Epiphyllum pumilum is a cactus species native to Mexico and Guatemala. The species is commonly grown as an ornamental for its beautiful, fragrant flowers in the summer.

==Etymology==
This specific epithet refers to the relatively small flowers of this species. History F. Eichlam found this cacti in Guatemala and sent a living specimen to the U. S. which flowered in Washington on October 3, 1912. It had previously been collected at several occasions but passed as E. pittieri. Unaware of its variable nature, Britton and Rose described the same species again in the same paper, under the name E. caudatum. This time from a specimen collected in Oaxaca, Mexico collected by E. W. Nelson in 1894. Later the same year, Vaupel transferred the two taxa to Phyllocactus, an invalid name used in Europe by that time.

==Origin and habitat==
Mexico (Vera Cruz, Tabasco, Oaxaca, Chiapas) to the lowlands of Guatemala.

==Systematics==
This species is closely related to Epiphyllum oxypetalum and differs mainly in its smaller flowers.

==Cultivation==
Easily cultivated and fast growing. Needs a compost containing plenty of humus and plenty of moisture in summer. Will not tolerate low winter temperatures, around 12 °C (53,5 °F) will be more suitable. Best grown in semi-shade.
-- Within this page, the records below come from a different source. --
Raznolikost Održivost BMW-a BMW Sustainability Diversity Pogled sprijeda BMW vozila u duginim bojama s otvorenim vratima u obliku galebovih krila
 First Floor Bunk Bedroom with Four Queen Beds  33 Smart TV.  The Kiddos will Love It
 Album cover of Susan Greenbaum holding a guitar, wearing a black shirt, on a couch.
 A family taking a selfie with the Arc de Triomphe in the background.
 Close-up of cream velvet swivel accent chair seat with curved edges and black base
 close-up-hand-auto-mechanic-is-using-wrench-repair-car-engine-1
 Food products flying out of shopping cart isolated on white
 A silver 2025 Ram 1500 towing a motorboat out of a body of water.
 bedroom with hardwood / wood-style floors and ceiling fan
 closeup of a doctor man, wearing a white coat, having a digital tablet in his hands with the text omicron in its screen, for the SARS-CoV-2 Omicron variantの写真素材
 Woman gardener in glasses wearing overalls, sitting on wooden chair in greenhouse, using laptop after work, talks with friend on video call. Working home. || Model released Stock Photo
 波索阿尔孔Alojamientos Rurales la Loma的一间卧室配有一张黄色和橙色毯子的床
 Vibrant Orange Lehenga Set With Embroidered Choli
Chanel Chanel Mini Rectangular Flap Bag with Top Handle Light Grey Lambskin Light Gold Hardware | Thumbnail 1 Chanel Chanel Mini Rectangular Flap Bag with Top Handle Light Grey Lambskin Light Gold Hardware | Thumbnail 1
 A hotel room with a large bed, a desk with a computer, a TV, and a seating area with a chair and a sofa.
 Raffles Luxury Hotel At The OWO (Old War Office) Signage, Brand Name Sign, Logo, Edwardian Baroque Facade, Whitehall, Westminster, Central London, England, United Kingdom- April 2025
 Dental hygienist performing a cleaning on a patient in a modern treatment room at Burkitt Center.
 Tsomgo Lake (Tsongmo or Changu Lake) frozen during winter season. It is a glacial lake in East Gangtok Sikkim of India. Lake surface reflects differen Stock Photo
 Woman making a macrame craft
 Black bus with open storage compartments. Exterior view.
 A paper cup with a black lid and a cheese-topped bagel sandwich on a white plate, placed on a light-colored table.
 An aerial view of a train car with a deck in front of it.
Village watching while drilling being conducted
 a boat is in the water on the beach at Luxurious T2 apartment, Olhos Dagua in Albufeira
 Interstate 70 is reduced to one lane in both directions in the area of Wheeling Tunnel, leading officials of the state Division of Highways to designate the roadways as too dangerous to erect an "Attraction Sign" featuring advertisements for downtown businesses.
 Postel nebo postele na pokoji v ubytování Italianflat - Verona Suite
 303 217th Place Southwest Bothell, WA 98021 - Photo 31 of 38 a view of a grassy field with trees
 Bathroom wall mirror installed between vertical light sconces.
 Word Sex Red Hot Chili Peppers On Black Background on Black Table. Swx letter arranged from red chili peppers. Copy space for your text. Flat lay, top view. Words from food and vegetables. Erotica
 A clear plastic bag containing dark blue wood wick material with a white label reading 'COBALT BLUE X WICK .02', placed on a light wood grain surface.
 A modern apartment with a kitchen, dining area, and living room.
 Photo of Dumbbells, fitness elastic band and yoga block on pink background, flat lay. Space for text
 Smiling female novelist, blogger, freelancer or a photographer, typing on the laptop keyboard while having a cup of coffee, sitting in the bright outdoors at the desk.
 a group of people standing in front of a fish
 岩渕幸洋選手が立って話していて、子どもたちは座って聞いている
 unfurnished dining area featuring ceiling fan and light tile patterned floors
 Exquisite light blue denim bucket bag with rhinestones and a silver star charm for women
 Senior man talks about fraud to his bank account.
Usually flowers in summer or in the early autumn.

==Description==
Stems erect, later ascending becoming pendent, to 5 m long or more, woody at base, profusely branched, primary stems, terete for 80–150 cm, secondary stems and apical parts of primary stems flat (rarely 3-angled), elongated-lanceolate, terete at base, 10–60 cm long, 3–8,5 cm wide, acute to long acuminate, rather thick when mature, margins remotely toothed to indented, shallowly undulate or shallowly crenate; epidermis green. Flowers 10–15 cm long, nocturnal and fragrant; pericarpel ca 12 mm long, 8 mm thick, green, bracteoles 1 mm long, orbicular, reddish, nude or with 1 bristle, less than 1 mm long; receptacle 5–7 cm long, 5 mm thick, greenish white to reddish, bracteoles few, very small, ascending and appressed, without spines or hairs, red: outer petals linear, 4–9 cm long, ca 5 mm wide, greenish or reddish, acute; inner petals white, linear-lanceolate to lanceolate, acuminate, 3–6 cm long, white; stamens inserted in 2 zones, white, anthers creamy white; style slender, 4–9 cm long, white. Fruit ovoid, 2,5 cm thick, brilliant cerice, 5-7 angled, bracteoles few, ascending, pulp white, sweet, seeds minute, black.